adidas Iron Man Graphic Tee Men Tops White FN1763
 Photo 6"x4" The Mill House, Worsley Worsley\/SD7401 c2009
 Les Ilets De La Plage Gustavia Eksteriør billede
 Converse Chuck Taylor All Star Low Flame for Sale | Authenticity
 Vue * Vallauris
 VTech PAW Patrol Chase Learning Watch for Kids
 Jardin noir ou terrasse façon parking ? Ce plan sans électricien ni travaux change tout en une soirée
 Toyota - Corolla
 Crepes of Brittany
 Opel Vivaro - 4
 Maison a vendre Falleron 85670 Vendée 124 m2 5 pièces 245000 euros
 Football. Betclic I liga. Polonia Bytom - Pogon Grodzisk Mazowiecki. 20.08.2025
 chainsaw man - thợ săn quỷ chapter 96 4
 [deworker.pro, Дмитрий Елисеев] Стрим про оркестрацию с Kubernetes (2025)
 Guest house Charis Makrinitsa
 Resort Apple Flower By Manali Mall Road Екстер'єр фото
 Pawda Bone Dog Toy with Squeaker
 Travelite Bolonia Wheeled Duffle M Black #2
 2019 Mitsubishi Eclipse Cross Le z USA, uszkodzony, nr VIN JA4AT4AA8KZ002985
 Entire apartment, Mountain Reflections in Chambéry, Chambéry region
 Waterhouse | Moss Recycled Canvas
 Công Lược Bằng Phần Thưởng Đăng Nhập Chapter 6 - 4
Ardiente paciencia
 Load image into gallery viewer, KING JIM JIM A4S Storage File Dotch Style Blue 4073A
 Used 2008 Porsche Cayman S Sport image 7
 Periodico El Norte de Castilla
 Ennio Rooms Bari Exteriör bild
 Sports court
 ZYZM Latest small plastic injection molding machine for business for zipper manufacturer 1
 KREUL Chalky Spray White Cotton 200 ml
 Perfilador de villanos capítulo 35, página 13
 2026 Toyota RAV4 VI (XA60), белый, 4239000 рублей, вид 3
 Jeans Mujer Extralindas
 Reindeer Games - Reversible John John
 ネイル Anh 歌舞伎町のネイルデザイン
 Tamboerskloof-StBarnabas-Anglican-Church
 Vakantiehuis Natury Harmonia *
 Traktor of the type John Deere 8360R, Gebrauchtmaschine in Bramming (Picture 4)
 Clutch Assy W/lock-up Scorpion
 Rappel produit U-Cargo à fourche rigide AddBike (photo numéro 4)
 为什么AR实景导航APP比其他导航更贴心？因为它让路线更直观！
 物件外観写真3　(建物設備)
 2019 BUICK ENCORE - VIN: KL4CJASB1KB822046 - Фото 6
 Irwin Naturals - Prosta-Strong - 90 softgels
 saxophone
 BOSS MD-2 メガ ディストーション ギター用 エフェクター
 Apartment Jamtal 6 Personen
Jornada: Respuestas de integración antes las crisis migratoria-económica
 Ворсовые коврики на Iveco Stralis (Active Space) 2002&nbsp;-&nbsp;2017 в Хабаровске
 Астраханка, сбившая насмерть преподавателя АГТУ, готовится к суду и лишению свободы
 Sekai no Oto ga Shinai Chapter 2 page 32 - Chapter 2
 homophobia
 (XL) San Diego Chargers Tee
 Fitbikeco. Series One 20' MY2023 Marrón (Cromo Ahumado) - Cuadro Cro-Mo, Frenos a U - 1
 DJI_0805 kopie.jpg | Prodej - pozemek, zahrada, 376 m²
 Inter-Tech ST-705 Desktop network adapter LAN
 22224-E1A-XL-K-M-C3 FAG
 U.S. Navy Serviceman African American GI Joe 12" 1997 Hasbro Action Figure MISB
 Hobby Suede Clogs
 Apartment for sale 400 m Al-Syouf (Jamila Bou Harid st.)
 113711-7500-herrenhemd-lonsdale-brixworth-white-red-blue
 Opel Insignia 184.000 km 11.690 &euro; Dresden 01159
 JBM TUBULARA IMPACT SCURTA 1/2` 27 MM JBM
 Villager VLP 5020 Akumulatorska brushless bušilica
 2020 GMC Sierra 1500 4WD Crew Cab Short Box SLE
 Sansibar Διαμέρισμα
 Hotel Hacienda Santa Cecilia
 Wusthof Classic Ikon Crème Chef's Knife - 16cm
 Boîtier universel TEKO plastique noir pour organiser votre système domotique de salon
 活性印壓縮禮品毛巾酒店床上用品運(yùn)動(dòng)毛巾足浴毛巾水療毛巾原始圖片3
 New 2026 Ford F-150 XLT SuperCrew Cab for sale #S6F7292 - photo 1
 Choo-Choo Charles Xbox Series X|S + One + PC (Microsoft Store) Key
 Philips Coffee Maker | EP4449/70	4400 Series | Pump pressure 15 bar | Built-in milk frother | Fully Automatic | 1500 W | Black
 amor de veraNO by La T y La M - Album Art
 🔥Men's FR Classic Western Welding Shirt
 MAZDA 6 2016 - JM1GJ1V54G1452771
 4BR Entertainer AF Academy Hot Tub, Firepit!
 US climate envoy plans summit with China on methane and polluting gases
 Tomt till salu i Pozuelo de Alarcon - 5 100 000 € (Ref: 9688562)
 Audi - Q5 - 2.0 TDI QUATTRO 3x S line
----------
*Task instructions:* From the first line of the records above down to the line containing "Opel Vivaro - 4", repeat each line exactly as written. Include both of those lines and add nothing.

*Exercise answer:*
adidas Iron Man Graphic Tee Men Tops White FN1763
 Photo 6"x4" The Mill House, Worsley Worsley\/SD7401 c2009
 Les Ilets De La Plage Gustavia Eksteriør billede
 Converse Chuck Taylor All Star Low Flame for Sale | Authenticity
 Vue * Vallauris
 VTech PAW Patrol Chase Learning Watch for Kids
 Jardin noir ou terrasse façon parking ? Ce plan sans électricien ni travaux change tout en une soirée
 Toyota - Corolla
 Crepes of Brittany
 Opel Vivaro - 4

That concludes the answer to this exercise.